Nidhi Sunil and Noah Katz-Appel didn’t exactly meet cute so much as meet, part ways, do a lot of emotional homework, and then find each other again when the timing finally made sense. They first crossed paths at a yoga studio in 2018. “I got her number at the studio, but she wasn’t really into me. So, she ghosted me for a while and then we ended up reconnecting as friends in 2022,” recalls Katz-Appel. The romance felt less like a whirlwind and more like a decision. “It wasn’t about romanticising being in love or a surprise that this relationship turned into a long-standing situation,” says Sunil. “It was about who I wanted to do life and the hard stuff with.”

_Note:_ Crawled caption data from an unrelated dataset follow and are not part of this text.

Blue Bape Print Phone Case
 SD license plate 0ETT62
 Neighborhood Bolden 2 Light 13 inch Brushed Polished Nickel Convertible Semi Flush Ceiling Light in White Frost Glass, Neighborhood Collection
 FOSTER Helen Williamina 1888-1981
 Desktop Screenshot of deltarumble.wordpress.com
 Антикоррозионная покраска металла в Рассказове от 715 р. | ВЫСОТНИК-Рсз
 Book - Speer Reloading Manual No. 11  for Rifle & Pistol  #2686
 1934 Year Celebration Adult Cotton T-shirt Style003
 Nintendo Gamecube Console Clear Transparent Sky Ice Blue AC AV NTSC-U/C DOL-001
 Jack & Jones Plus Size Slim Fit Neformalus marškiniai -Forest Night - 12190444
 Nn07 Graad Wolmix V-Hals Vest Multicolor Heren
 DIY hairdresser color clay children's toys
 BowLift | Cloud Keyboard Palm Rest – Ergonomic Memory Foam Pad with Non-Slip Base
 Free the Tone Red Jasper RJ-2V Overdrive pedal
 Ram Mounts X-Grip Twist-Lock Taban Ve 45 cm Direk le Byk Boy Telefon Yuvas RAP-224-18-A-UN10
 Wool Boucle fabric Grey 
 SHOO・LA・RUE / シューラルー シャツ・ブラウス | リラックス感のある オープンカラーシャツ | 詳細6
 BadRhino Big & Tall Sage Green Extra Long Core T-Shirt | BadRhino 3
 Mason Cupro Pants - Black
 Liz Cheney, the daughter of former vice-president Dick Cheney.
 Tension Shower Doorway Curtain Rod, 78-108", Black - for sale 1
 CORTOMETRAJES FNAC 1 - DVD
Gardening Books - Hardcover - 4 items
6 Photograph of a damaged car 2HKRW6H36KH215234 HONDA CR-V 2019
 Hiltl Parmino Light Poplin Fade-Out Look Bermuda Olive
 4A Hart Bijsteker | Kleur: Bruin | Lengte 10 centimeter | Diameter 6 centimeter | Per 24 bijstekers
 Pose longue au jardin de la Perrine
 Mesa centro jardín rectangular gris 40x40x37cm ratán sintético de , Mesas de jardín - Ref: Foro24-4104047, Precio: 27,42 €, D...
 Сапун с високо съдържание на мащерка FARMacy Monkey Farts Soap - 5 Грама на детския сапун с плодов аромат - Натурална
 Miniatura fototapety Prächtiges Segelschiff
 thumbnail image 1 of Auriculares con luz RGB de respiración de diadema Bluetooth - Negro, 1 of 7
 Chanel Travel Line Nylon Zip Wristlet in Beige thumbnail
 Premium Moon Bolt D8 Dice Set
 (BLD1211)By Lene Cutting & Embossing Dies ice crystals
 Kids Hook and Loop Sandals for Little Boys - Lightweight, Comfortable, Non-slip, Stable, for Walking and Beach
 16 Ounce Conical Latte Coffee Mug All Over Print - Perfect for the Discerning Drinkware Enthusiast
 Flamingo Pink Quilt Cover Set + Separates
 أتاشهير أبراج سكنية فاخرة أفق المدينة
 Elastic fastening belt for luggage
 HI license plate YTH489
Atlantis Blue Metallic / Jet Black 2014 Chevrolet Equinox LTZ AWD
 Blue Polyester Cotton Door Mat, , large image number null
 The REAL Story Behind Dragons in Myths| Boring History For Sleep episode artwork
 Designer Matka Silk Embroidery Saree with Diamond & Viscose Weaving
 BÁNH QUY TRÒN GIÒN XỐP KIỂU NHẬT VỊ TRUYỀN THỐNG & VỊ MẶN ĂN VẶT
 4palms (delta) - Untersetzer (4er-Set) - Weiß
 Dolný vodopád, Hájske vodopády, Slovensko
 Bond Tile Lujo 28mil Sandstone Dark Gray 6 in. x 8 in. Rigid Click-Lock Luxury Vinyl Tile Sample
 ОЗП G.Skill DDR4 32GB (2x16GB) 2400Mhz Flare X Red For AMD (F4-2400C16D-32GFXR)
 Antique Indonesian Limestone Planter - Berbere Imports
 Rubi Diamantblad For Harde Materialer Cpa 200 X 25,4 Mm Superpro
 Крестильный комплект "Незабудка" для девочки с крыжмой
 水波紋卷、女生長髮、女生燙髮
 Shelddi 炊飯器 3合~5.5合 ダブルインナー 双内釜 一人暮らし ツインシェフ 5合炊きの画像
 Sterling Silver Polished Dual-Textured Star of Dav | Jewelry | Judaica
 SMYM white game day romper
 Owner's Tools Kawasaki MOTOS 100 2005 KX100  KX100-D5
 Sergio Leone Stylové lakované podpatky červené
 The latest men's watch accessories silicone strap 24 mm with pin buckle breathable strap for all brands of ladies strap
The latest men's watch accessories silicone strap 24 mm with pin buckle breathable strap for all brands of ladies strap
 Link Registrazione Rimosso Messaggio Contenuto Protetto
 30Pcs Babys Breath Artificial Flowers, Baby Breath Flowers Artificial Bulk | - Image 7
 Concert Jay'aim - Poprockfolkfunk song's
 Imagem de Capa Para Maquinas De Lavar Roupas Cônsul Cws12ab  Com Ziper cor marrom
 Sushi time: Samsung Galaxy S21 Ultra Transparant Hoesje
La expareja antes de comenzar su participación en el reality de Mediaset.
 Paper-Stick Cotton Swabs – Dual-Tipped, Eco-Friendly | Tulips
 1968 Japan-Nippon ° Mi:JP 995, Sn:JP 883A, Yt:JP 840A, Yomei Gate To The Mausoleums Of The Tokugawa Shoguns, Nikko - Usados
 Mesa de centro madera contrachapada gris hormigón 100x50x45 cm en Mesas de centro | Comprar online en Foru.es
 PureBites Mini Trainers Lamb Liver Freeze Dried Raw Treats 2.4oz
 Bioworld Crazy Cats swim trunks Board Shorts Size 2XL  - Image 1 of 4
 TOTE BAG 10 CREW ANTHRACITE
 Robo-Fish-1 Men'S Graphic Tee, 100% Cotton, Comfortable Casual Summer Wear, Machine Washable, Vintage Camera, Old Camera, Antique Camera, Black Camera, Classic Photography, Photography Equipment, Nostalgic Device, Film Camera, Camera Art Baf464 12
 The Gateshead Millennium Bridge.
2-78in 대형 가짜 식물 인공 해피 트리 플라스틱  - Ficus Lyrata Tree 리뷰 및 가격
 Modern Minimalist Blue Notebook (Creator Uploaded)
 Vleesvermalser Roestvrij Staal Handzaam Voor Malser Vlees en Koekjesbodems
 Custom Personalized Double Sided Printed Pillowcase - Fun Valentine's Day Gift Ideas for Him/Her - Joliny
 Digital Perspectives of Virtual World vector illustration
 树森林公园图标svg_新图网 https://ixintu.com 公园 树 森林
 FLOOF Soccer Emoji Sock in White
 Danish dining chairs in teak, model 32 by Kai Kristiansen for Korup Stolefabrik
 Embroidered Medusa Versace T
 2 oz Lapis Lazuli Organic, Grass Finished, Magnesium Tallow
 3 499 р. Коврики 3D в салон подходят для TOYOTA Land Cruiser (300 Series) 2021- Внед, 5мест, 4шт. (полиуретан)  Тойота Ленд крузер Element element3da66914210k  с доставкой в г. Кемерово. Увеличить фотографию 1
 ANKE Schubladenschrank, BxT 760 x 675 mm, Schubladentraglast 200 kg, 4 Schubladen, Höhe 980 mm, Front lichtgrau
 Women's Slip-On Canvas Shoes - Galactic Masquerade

That clarity shaped everything that followed, including their two weddings. “I wanted to hang out, have a good time as a guest at my own wedding,” says the Kerala-born, New York-based model. What unfolded was a multi-day, multi-city celebration that felt less like an event and more like a reflection of how they live: intentionally, communally, and very much on their own terms.
An on-brand non-surprise proposal
Noah: I ended up proposing in Kerala while we were scouting wedding venues. We stepped onto this property and immediately knew—this is it.
Nidhi: He asked me if I wanted to be surprised or not, and I pulled up some references because I knew what cut I wanted for the ring, but the rest was up to him really. It wasn’t like a full-on surprise either, which I loved. He just was like, I won’t tell you when it’s happening. But I knew.
Noah: I always had it in the back of my mind that if we were going to do an official proposal, it was going to be someplace special. I set it up on a boat in the backwaters of Kerala, right where we’d end up getting married.
A park, a pin drop, and a chuppah
Noah: We ended up getting married for the first time just a year into our relationship with a small Jewish ceremony in my birthplace, Cambridge, Massachusetts.
Nidhi: We had a little celebration in a park where a lot of Noah’s family’s threshold moments are celebrated. We had the same Jewish cantor that married his mom the second time, his brother, and a few close friends there. We didn’t hire a stylist. I did my own makeup. But we had an amazing Bangladeshi photographer—Amir Hamja—document the day for us.
Noah: Just a few weeks before, we just told a bunch of our friends, hey, we’re gonna get married. We just sort of popped up at the park on the day, found a spot, dropped the pin, and had our friends meet us there.